Brief descriptive captions:
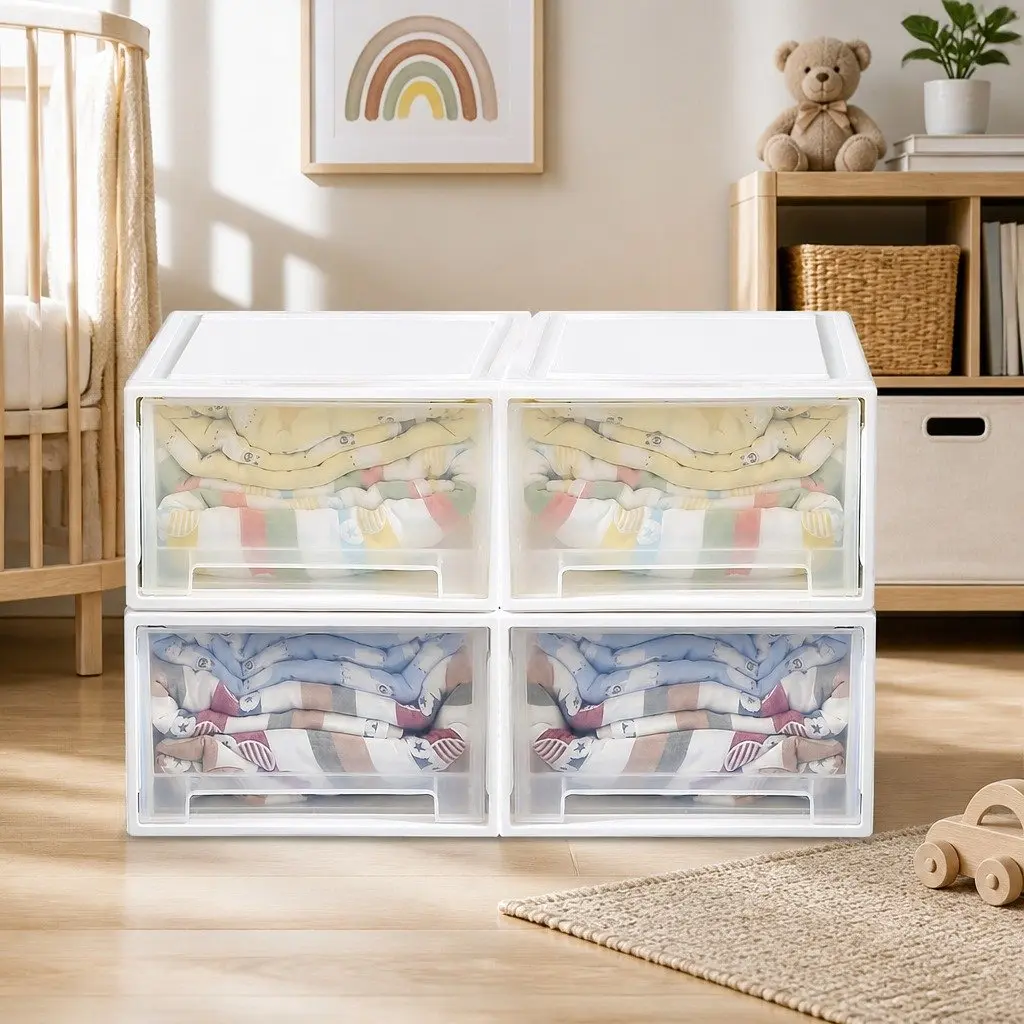 Storage Drawers Large Stackable Containers 3PK Home Organiser Bedroom Bathroom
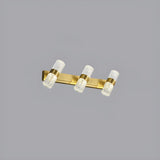 Modern Crystal Brass Wall Light, 4-Light Vanity Fixture Image - 2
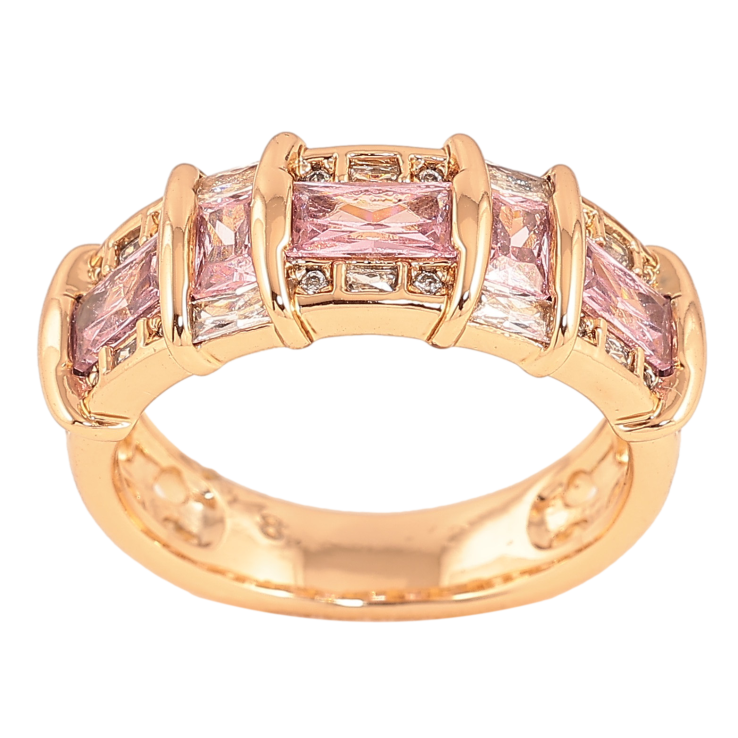 Каблучка Xuping колір Позолота 18K "Візерунок з рожевими кристалами" фото №25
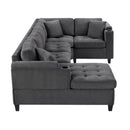 U Shaped Sectional Sofa, Corner Living Room Couch With Built In Cup Holders, Storage, USB Ports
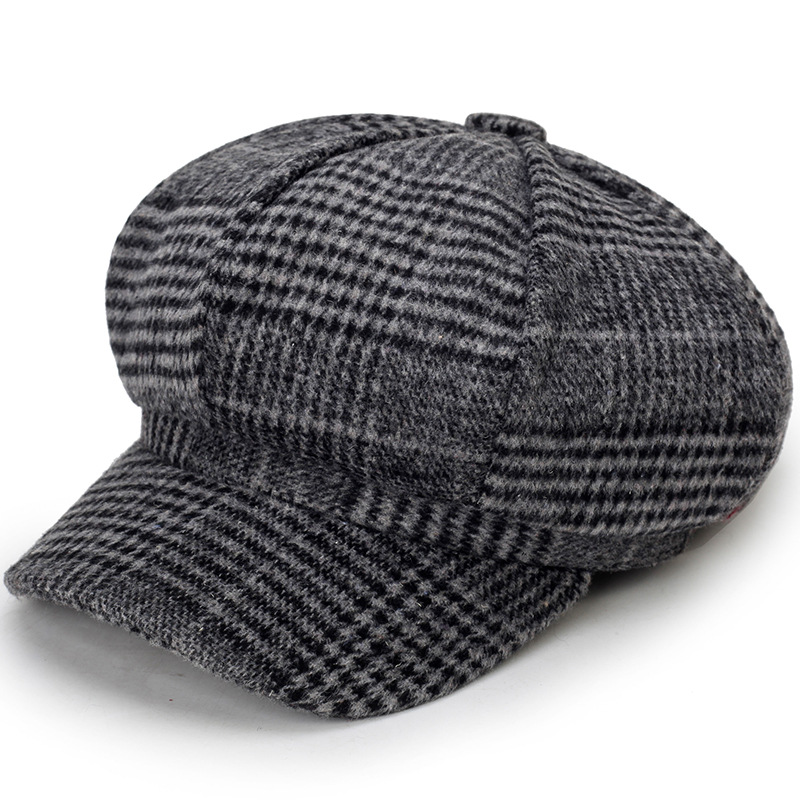 Vintertilbehør bager-drenge-hat varm streetwear-aviskasket ulden plaid vinterhat unisex all-match bager-drengehat: 01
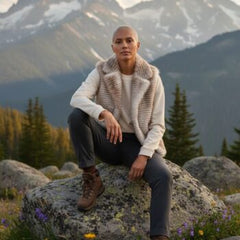 Brave & True Zee Fur Vest Grey Stripe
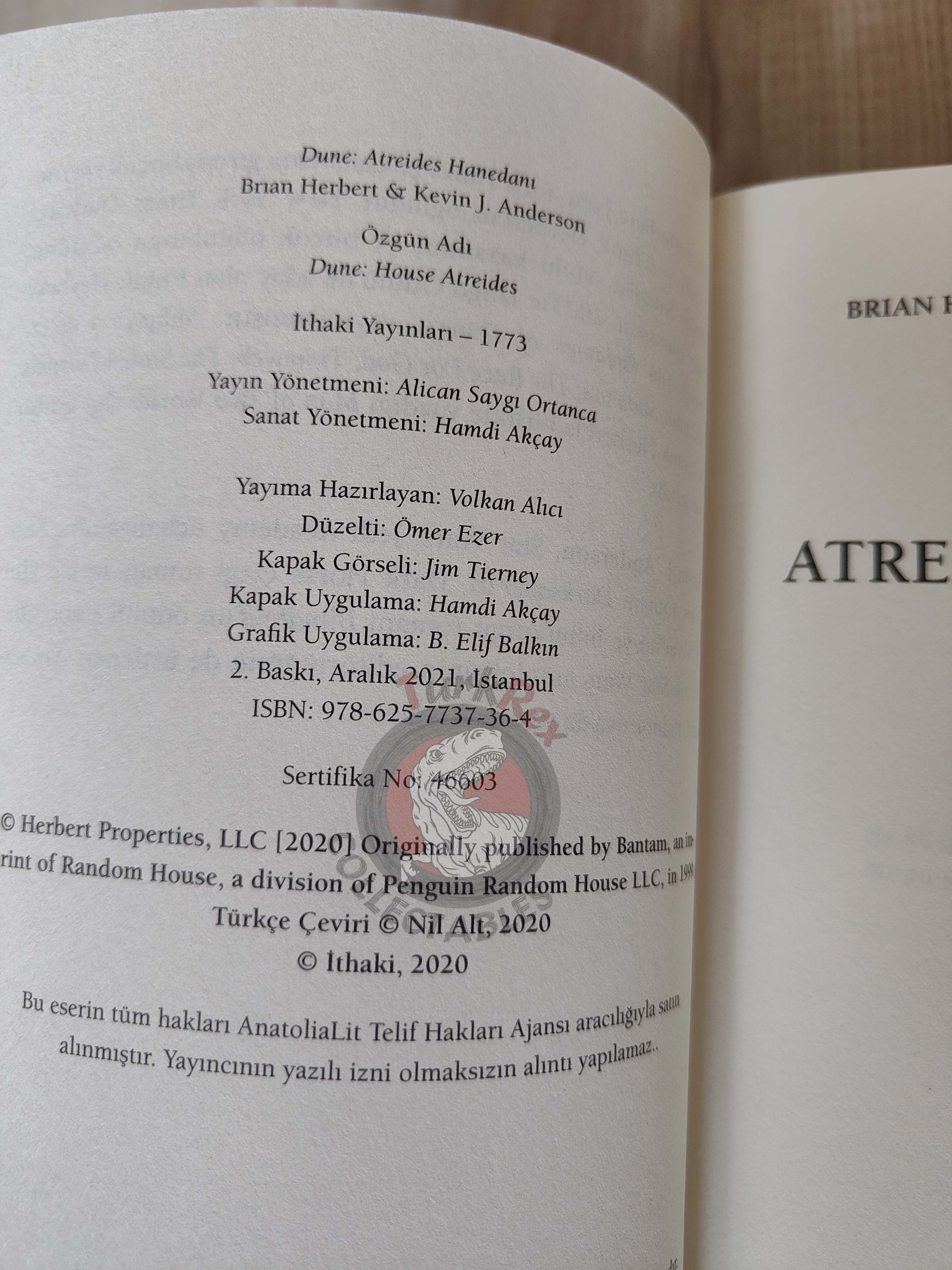 Brian Herbert – Dune House Atreides Turkish Book Turkey Prequel Trilogy
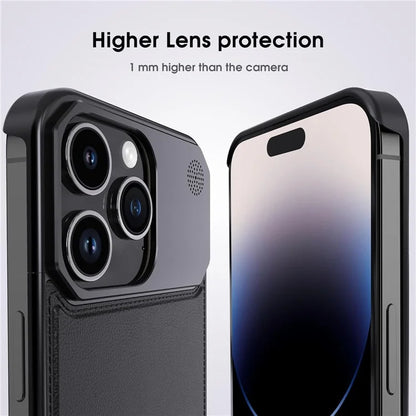 For iPhone 14 Pro Max Magnetic Case Leather+Aluminium Alloy Aromatherapy Phone Cover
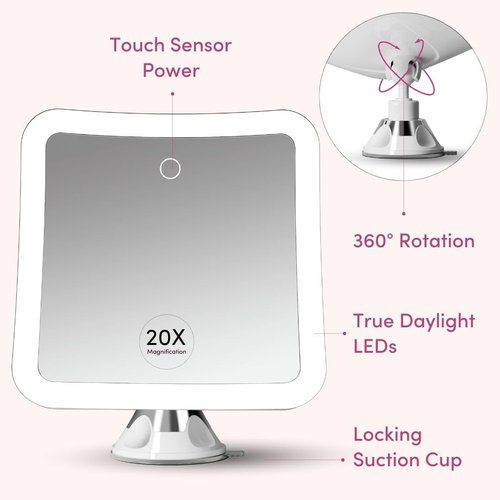 Fancii 20x Magnifying Makeup Mirror with LED Lights, Rechargeable, High Zoom | 7-inch Large Lighted Travel Mirror for Vanity and Bathroom, Dimmable, 3 Light Settings, Strong Suction, 360° Rotation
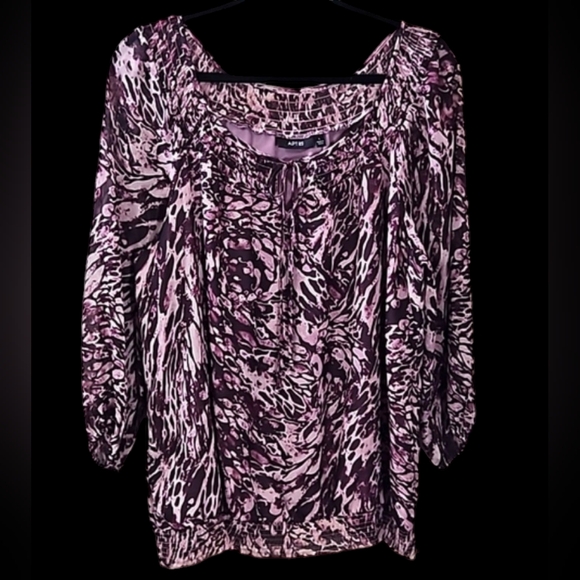 Apt 9 Women's Printed Tie Neck 3/4 Sleeve Blouse Size Large - Picture 9 of 13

**To do:**
Restate every line above word for word. Do not carry over the images.

**Solution:**
 Storage Drawers Large Stackable Containers 3PK Home Organiser Bedroom Bathroom
 Modern Crystal Brass Wall Light, 4-Light Vanity Fixture Image - 2
 Каблучка Xuping колір Позолота 18K "Візерунок з рожевими кристалами" фото №25
 U Shaped Sectional Sofa, Corner Living Room Couch With Built In Cup Holders, Storage, USB Ports
 Vintertilbehør bager-drenge-hat varm streetwear-aviskasket ulden plaid vinterhat unisex all-match bager-drengehat: 01
 Brave & True Zee Fur Vest Grey Stripe
 Brian Herbert – Dune House Atreides Turkish Book Turkey Prequel Trilogy
 For iPhone 14 Pro Max Magnetic Case Leather+Aluminium Alloy Aromatherapy Phone Cover
 Fancii 20x Magnifying Makeup Mirror with LED Lights, Rechargeable, High Zoom | 7-inch Large Lighted Travel Mirror for Vanity and Bathroom, Dimmable, 3 Light Settings, Strong Suction, 360° Rotation
 Apt 9 Women's Printed Tie Neck 3/4 Sleeve Blouse Size Large - Picture 9 of 13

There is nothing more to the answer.